11. Answer me this, ye ravening wolves, who, seeking to be clad in sheep's
clothing,(3) think that the letters of the blessed Cyprian are in your favor.
Did the sacrilege of schismatics defile Cyprian, or did it not? If it did, the
Church perished from that instant, and there remained no source from which ye
might spring. If it did not, then by what offense on the part of others can the
guiltless possibly be defiled, if the sacrilege of schism cannot defile them?
Wherefore, then, have ye severed yourselves? Wherefore, while shunning the
lighter offenses, which are inventions of your own, have ye committed the
heaviest offense of all, the sacrilege of schism? Will ye now perchance confess
that those men were no longer schismatics or heretics who had been baptized
without the communion of the Church, or in some heresy or schism, because by
coming over to the Church, and renouncing their former errors, they had ceased
to be what formerly they were? How then was it, that though they were not
baptized, their sins remained not on their heads?
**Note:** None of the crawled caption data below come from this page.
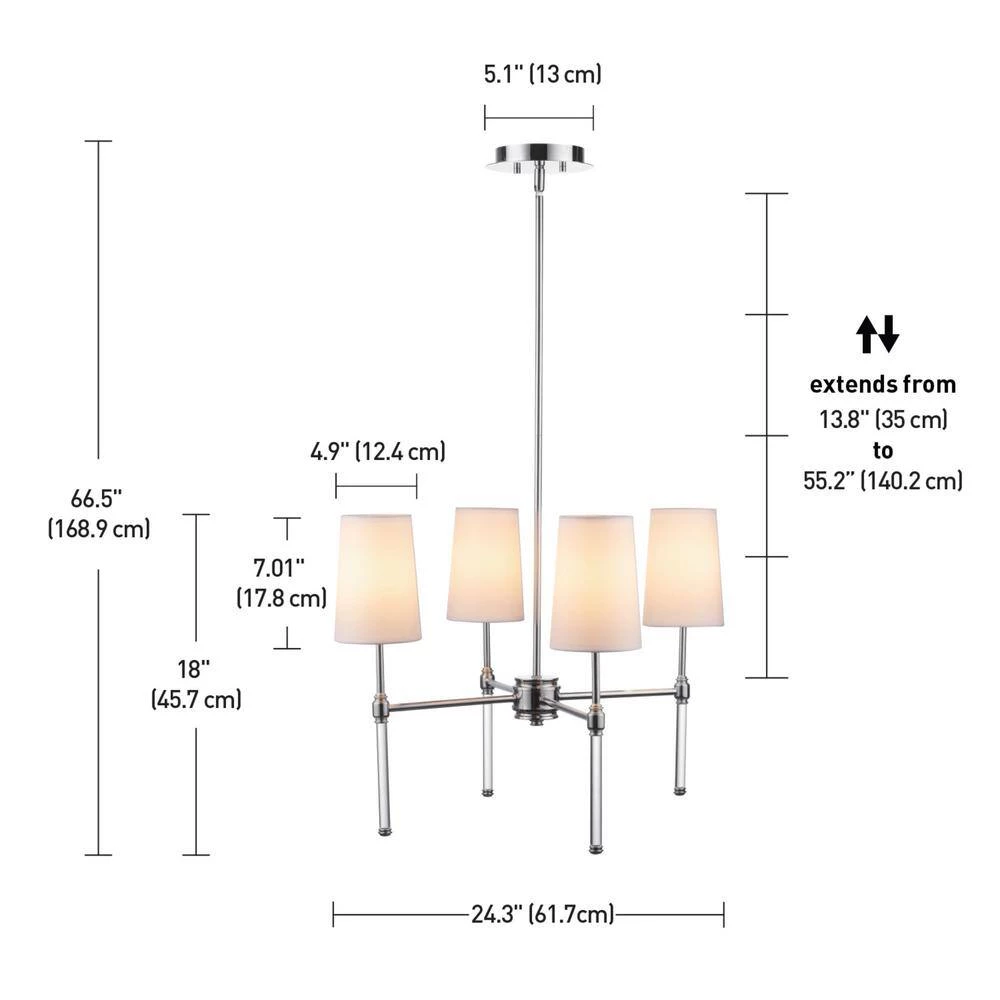 Jules 4-Light Chrome Chandelier with Acrylic Crystal Accents and White Fabric Shades by Globe Electric 6 Jules 4-Light Chrome Chandelier with Acrylic Crystal Accents and White Fabric Shades by Globe Electric - Image 6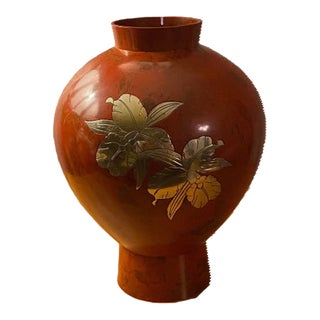 1970s Vintage Large Japanese Copper Bronzeware Vase With Brass Inlaid Orchids For Sale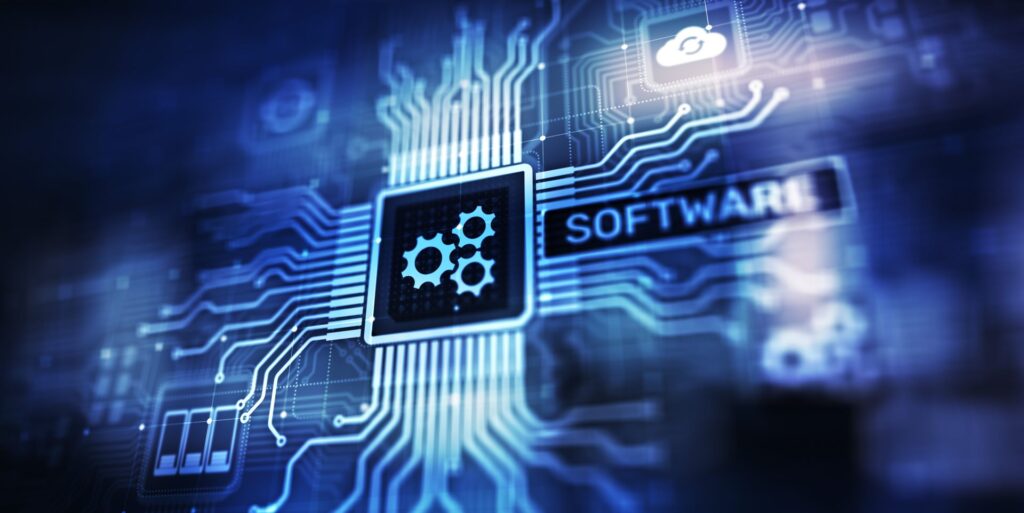 Ein digitalisiertes Bild eines Computerchips mit Software-Symbolen. Software Update Over The Air verbessert die Effizienz und Sicherheit durch automatisierte Updates.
Was it that the baptism was
Christ's, but that it could not profit them without the communion of the Church;
yet when they came over, and, renouncing their past error, were received into
the communion of the Church by the laying on of hands, then, being now rooted
and founded in charity, without which all other things are profitless, they
began to receive profit for the remission of sins and the sanctification of
their lives from that sacrament, which, while without the pale of the Church,
they possessed in vain?
12. Cease, then, to bring forward against us the authority of Cyprian in favor
of repeating baptism, but cling with us to the example of Cyprian for the
preservation of unity. For this question of baptism had not been as yet
completely worked out, but yet the Church observed the most wholesome custom of
correcting what was wrong, not repeating what was already given, even in the
case of schismatics and heretics: she healed the wounded part, but did not
meddle with what was whole. And this custom, coming, I suppose, from apostolical
tradition (like many other things which are held to have been handed down under
their actual sanction, because they are preserved throughout tile whole Church,
though they are not found either in their letters, or in the Councils of their
successors),--this most wholesome custom, I say, according to the holy Cyprian,
began to be what is called amended by his predecessor Agrippinus.(4) But,
according to the teaching which springs from a more careful investigation into
the truth, which, after great doubt and fluctuation, was brought at last to the
decision of a plenary Council, we ought to believe that it rather began to be
corrupted than to receive correction at the hands of Agrippinus. Accordingly,
when so great a question forced itself upon him, and it was difficult to decide
tile point, whether remission of sins and man's spiritual regeneration could
take place among heretics or schismatics, and the authority of Agrippinus was
there to guide him, with that of some few men who shared in his misapprehension
of this question, having preferred attempting something new to maintaining a
custom which they did not understand how to defend; under these circumstances
considerations of probability forced themselves into the eyes of his sold, and
barred the way to the thorough investigation of the truth.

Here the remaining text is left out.